On Friday, Joanna was all set to go. On Saturday, she couldn't sign the lease. She'd fantasized about the moment for almost two years: she'd leave her husband, Michael, move in with her lover, Eric, and be bathed in a state of bliss and sensuality that had been sorely missing from her life. Eric had showered her with affection and a sense of importance—attention she'd only ever received from her children, since Michael had excused himself from these gestures, saying he wasn't that kind of guy. Lassitude had gradually crept into her marriage, leaving her feeling more attached to the habit of being married than to the man she'd once loved.

Joanna's transgression was an attempt to recapture what she'd shared previously with Michael and didn't want to live without: a sense of importance and belonging, relief from loneliness, and a feeling that life was basically good. Unfulfilled longings for feelings like these drive many of today's adulterers.
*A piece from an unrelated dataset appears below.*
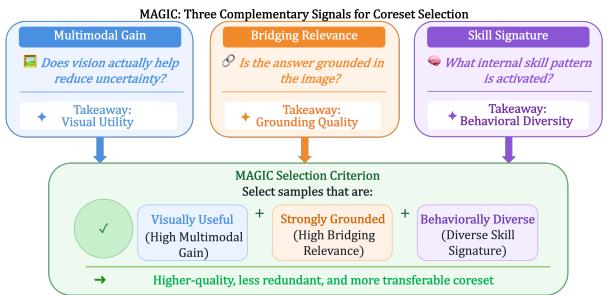 Figureure 1 · : MAGIC characterizes each training sample using three complementary s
Joanna carefully plotted her departure, but when push came to shove, she couldn't do it. She thought about the 24 years she and Michael had been together, their unwavering friendship, his dependability, the comforts of their life, and, most important, her kids—realizing that once she turned her affair into her primary relationship, there'd be no turning back. Often people begin to see what they want to preserve at the moment that their affair is about to come out of hiding. Perhaps not surprisingly, this is also when they realize that the lover was meant to be exactly that: a lover.

Joanna didn't want to leave Michael partly out of fear and partly because she still loved him. It wasn't clear which was stronger, fear or love. "Part of me was very disappointed in myself for not being able to leave Michael, and I wondered if I was letting go of the love of my life," Joanna recalled. "But part of me felt relief that I was going to stay and not destroy my family." Michael alternated between panic and rage, between begging her to stay and chasing her away. "I couldn't believe she was ready to jeopardize everything for this guy, Eric, and I felt trapped because I suspected that her reasons to stay ­didn't have much to do with me. It was more about what we had than about who I was."

At the core of Joanna's predicament is a conflict of values, inherent in the affair itself, not just in its resolution. When people talk about their fears, often they're really pondering their values. When they say, "I don't want to break up my family," they're also saying that they hold dear family continuity. When they refer to the shared history with their spouse, they express their respect for loyalty and commitment. Following Cupid's arrows is akin to losing one's moral compass, and, in this sense, the affair brings about an identity crisis: how to reconcile the enchantment of an experience with the feeling that it's fundamentally wrong. For Joanna and others in her place, lying and deceiving are more agonizing than thrilling. They don't set out to betray their partners. Sometimes, as in the case of Joanna, they're motivated by a yearning for what they're no longer willing to live without: passion—not in the narrow, sexual sense, but as
a quest for aliveness and erotic vitality. Although a glimmer of passion can be intoxicating, many of us shudder at the prospect of losing everything. The volatility and unpredictability of desire is scary.